What the exercise asks: Only those lines in the data below from the line containing "Attractive Dieting Girl" through the line containing "Piatto in porcellana", both included, should be restated word for word.

*** Exercise data ***

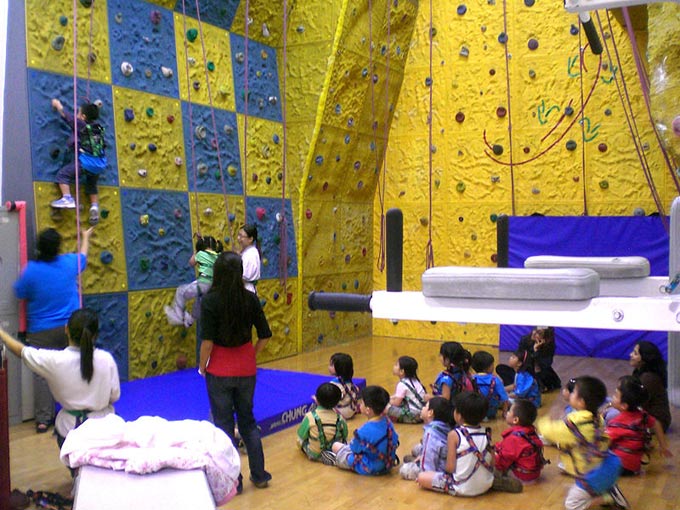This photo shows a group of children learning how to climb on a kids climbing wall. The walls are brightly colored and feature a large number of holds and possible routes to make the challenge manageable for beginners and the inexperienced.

*** End of Exercise data ***
*** Exercise data ***

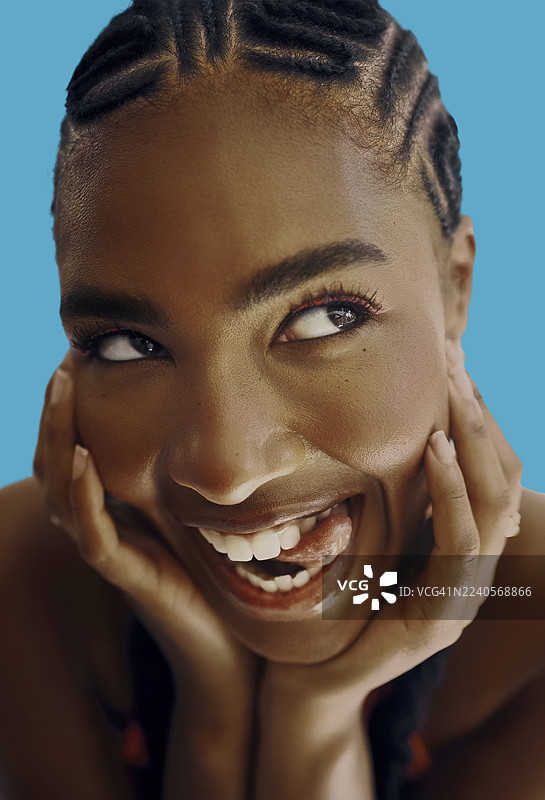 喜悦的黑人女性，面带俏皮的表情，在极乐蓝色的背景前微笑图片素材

*** End of Exercise data ***
*** Exercise data ***

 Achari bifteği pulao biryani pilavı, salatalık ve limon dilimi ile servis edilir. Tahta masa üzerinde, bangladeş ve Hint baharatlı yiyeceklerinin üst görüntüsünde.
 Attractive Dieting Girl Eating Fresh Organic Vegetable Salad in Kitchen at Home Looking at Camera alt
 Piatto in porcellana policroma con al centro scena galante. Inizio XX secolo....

*** End of Exercise data ***

Solved exercise:
 Attractive Dieting Girl Eating Fresh Organic Vegetable Salad in Kitchen at Home Looking at Camera alt
 Piatto in porcellana policroma con al centro scena galante. Inizio XX secolo....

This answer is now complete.